> Dataset content
**********

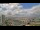 Webcam in Paris, 0 mi away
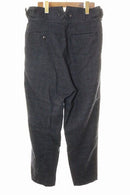 Undercover Slacks 17Aw 3 260523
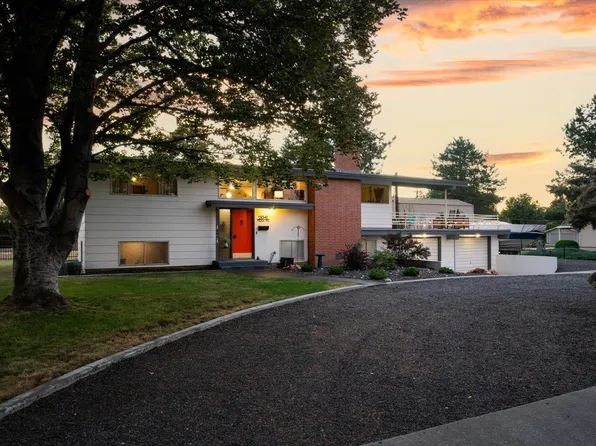 2041 Davison Ave, Richland, WA 99354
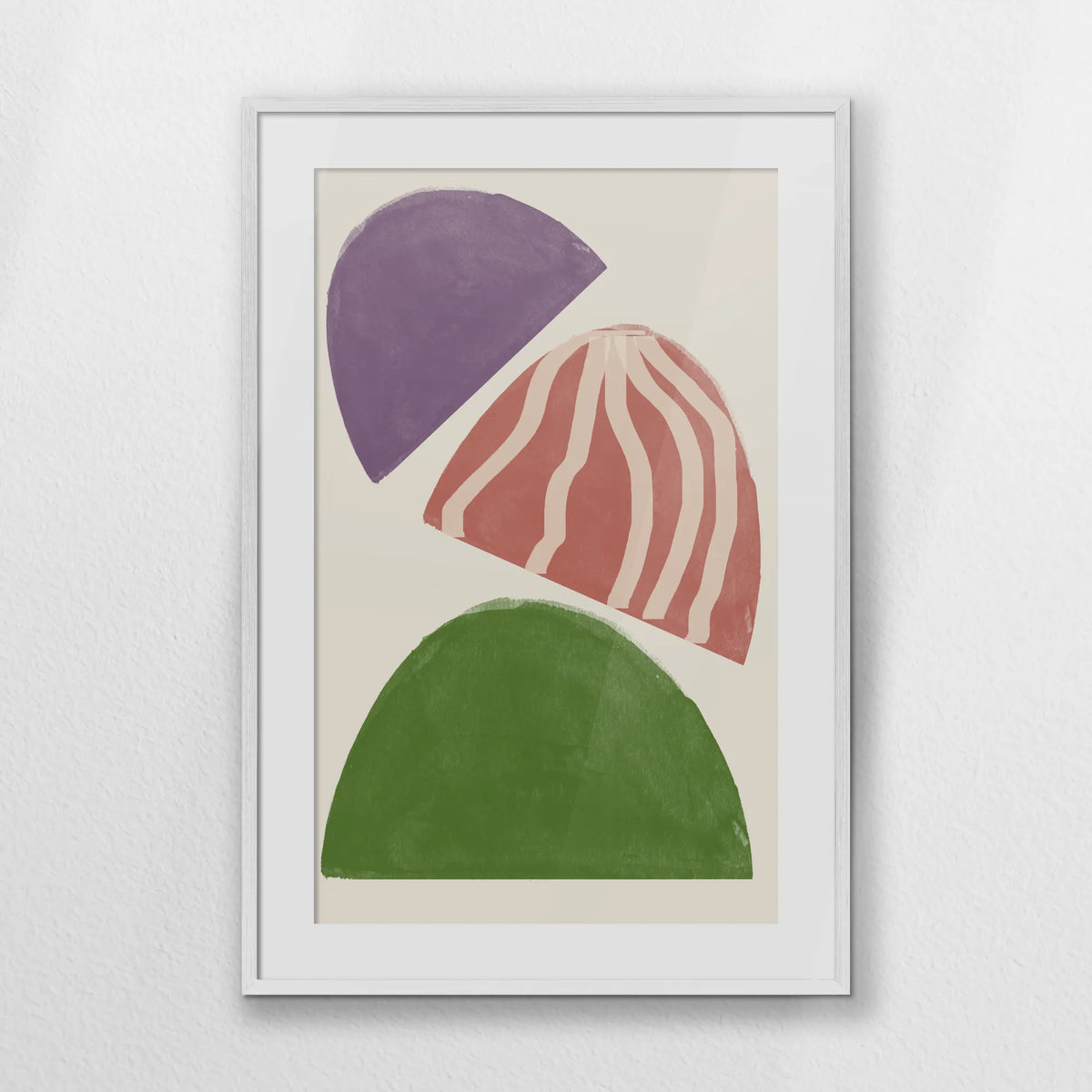 PWP070W100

**********

> Task instructions
Retype word for word all the material given above, and keep the pictures out.

> Result for this exercise
 Webcam in Paris, 0 mi away
 Undercover Slacks 17Aw 3 260523
 2041 Davison Ave, Richland, WA 99354
 PWP070W100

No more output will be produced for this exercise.